# What the task requires
Once the line with "Bright and Quiet" has been located in the records below, set down that line and all subsequent lines exactly, omitting the pictures.
Available data section start
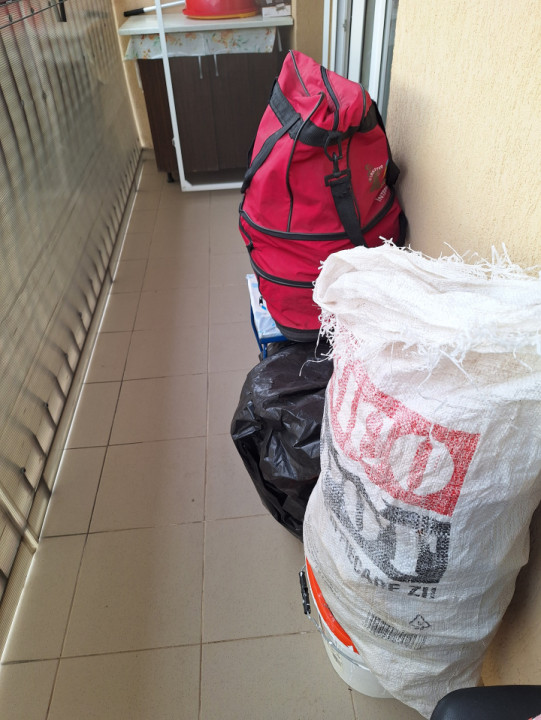 Apartament cu 3 camere, 58,4 mp, 2 balcoane, zona Florilor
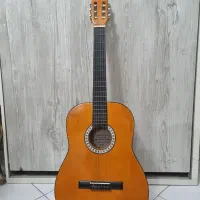 گیتار درحد اکبند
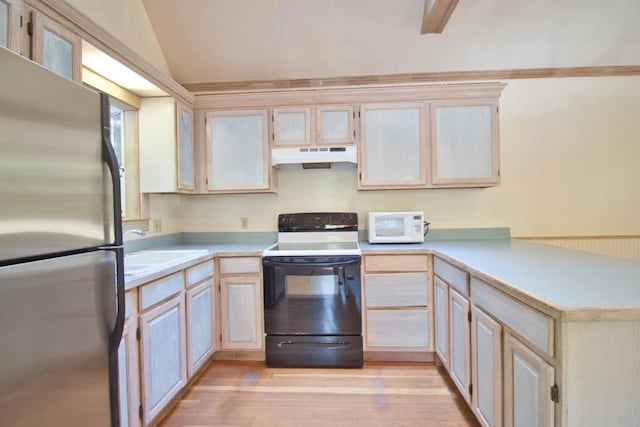 kitchen with black electric range oven, sink, light hardwood / wood-style flooring, kitchen peninsula, and stainless steel refrigerator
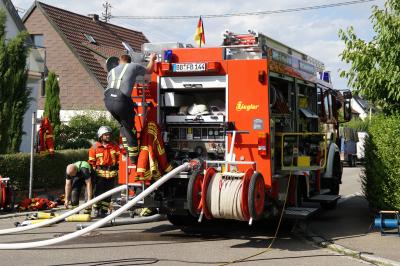 Rauchentwicklung in einem Dachstuhl einer Doppelhaushaelfte 
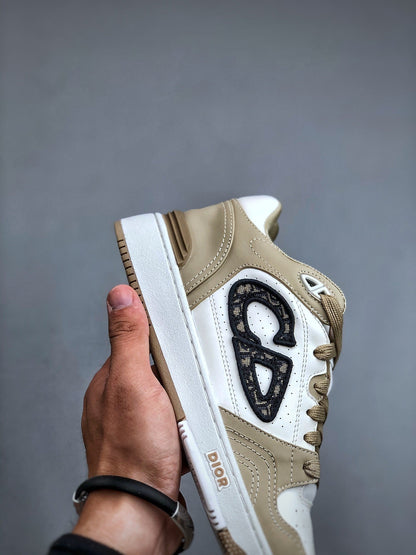 B57-Inspired Low-Top Sneakers - men's shoes, detail view 4 | LUXIUM MARKET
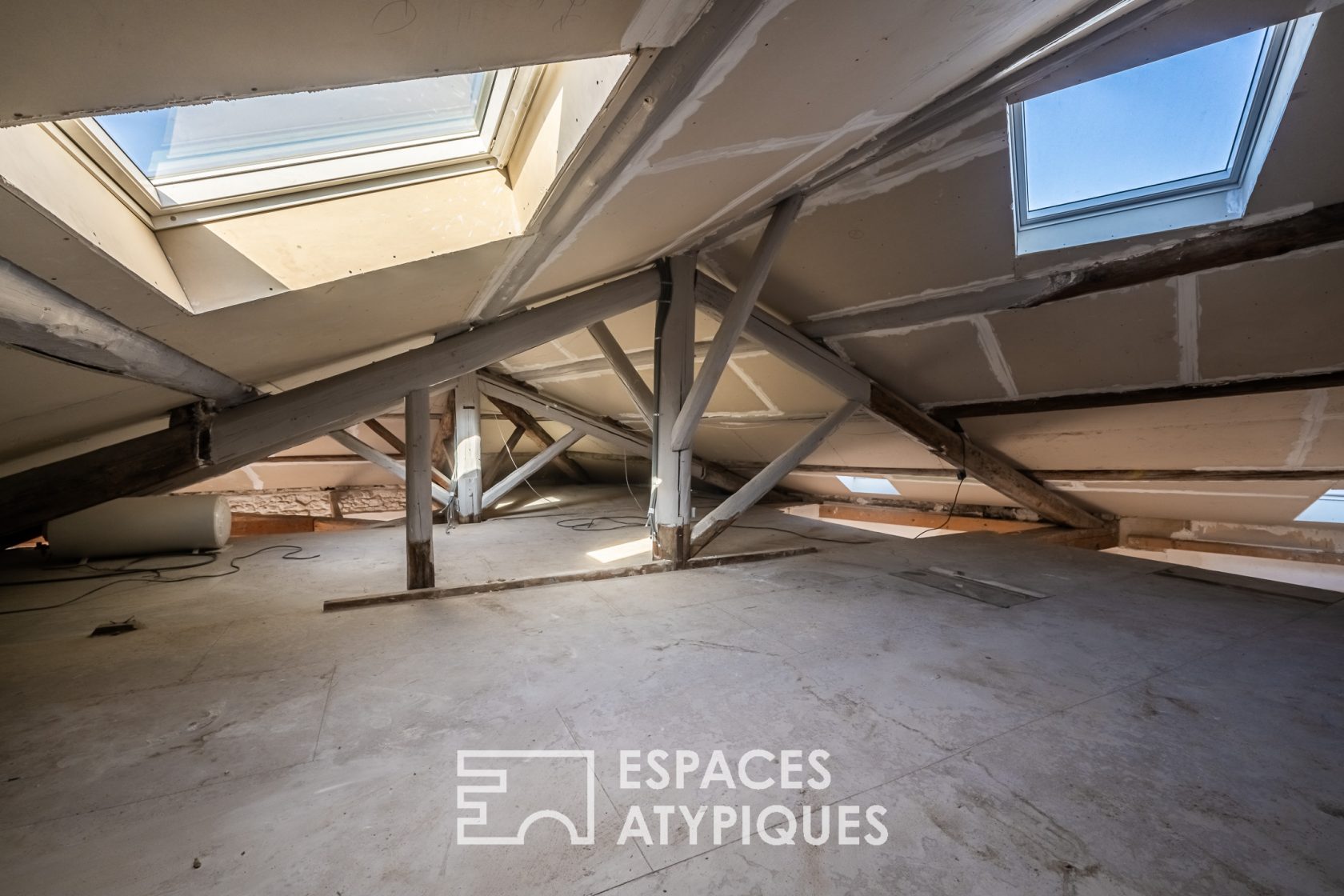 Bright and Quiet Loft with Rare Potential in Downtown Narbonne
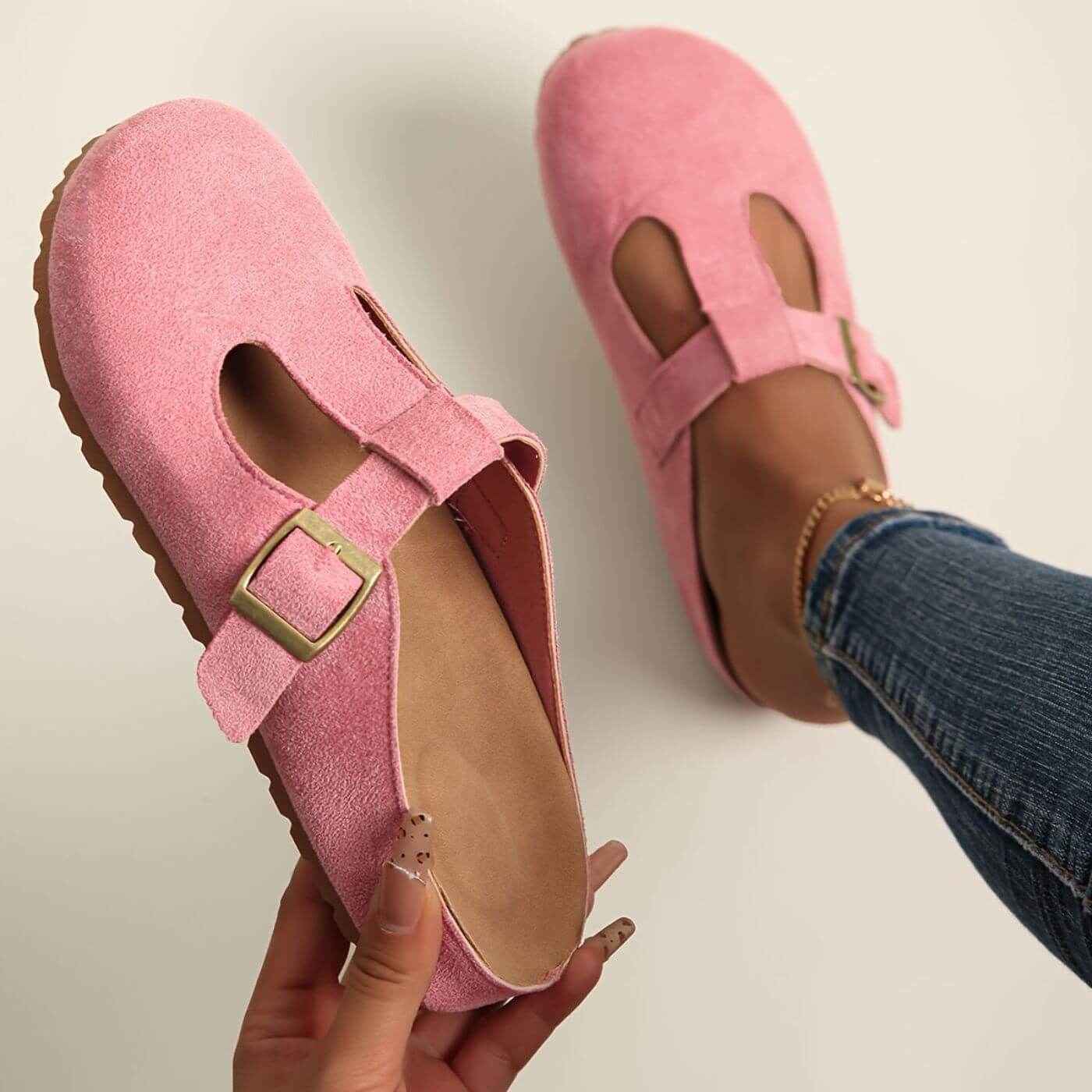 Momount Damen Wildleder-Clogs mit T-Steg – Schnalle, Mule, geschlossene Spitze, Korkfußbett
Available data section end
# Written reply
 Bright and Quiet Loft with Rare Potential in Downtown Narbonne
 Momount Damen Wildleder-Clogs mit T-Steg – Schnalle, Mule, geschlossene Spitze, Korkfußbett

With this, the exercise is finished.